Let $``\mathcal T x. \phi"$stands for the totality of all objects $x$ satisfying $\phi$. So it is a term of the language as long as $\phi$ has $x$ free and never occur as bound. It cannot be quantified upon, so $\exists \mathcal Tx. \phi, \forall \mathcal Tx. \phi$ are not expressions of the language. Also existential generalization doesn't hold over $\mathcal T$ terms, so we do NOT generally have $(\vdash \phi(\mathcal Ty.\phi)) \implies \vdash \exists x \, (\phi(x))$. Accordingly universal instantiation does not work as well, so we also do NOT generally have: $(\vdash \forall x (\phi(x))) \implies \vdash \phi(\mathcal Ty. \phi)$. Consider the $\mathcal T$ terms to be objects of a sort other than that of the quantified objects (sets).
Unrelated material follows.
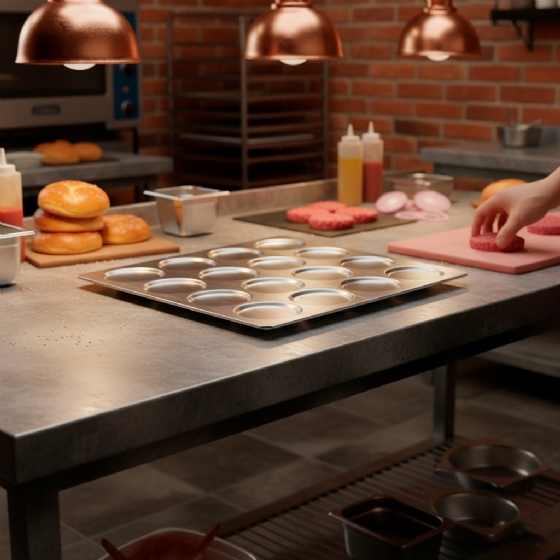 Assadeira para Pão de Hamburguer 58x70 20 Cavidades Alumínio Imeca
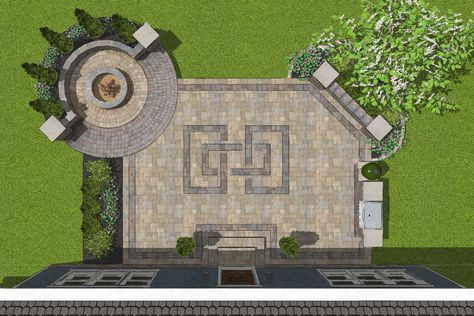 Flint House, Yard Layout, Patio Redo, Hardscape Backyard, Backyard Dining, Small Patio Design, Patio Design Ideas, Patio Plans, Paver Designs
Other than these two exceptions, all the rest of rules of first order logic with equality are maintanied.
Axioms:
- Sets: $\forall x \, ( x= \mathcal T y. (y \in x))$
Sets are totalities of their elements.
- Extensionality: $\mathcal Tx. \phi = \mathcal Tx. \varphi \iff \forall x (\phi \Leftrightarrow \varphi)$
Totalities of objects satisfying equivalent formulas are identical.
- Comprhension: $\forall y \, (y \in \mathcal Tx.\phi \iff \phi(y|x))$;
if $y$ does not occur in $\phi$, $x$ only occurs free in $\phi$, and $\phi(y|x)$ obtained by replacing all occurrences $x$ in $\phi$ by $y$.
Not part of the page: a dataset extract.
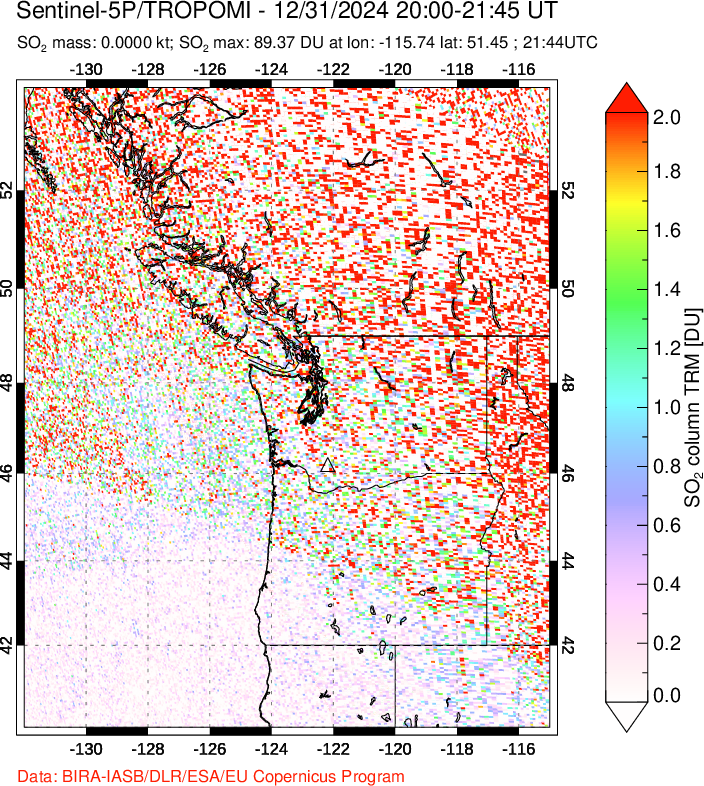 A sulfur dioxide image over Cascade Range, USA on Dec 31, 2024.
An object is an element of the totality of objects satisfying some formula, if and only if, it satisfies that formula.
- Subsets: $\forall a \, \exists b \, (\cal Tx. (x\in a \land \phi)=b) $
The totality of all elements of a set satisfying a formula, is a set.
Define $``V_\alpha"$ recusively along the usual lines.
- Hierarchy: $\forall x \exists \alpha (\lim \, \alpha \land x \in V_\alpha)$
Every set is an element of some stage of the cumulative hierarchy indexed by a limit ordinal.
- Size: $\forall \alpha \, ( \bigcup \mathcal Tx. (x=f(\beta) \land \beta \in \alpha) \neq \mathcal Tx. \top )$
Where $\top$ is any true sentence; and $\bigcup \mathcal Tx. \phi = \mathcal Ty. \exists x \, (\phi(x) \land y \in x ) $
The universe is not the union of the image of a set under some function.
- Choice: $\forall x \, \exists \text { ordinal } \alpha \, \exists f: x \hookrightarrow \alpha$
Where $``\hookrightarrow"$ signify "injective function".
Every set is injective to some ordinal.
Can this theory prove all axioms of $\sf ZFC$?
The question is in particular about if this theory can prove all instances of Replacement? Since the other axioms of $\sf ZFC$ are easily provable in this theory.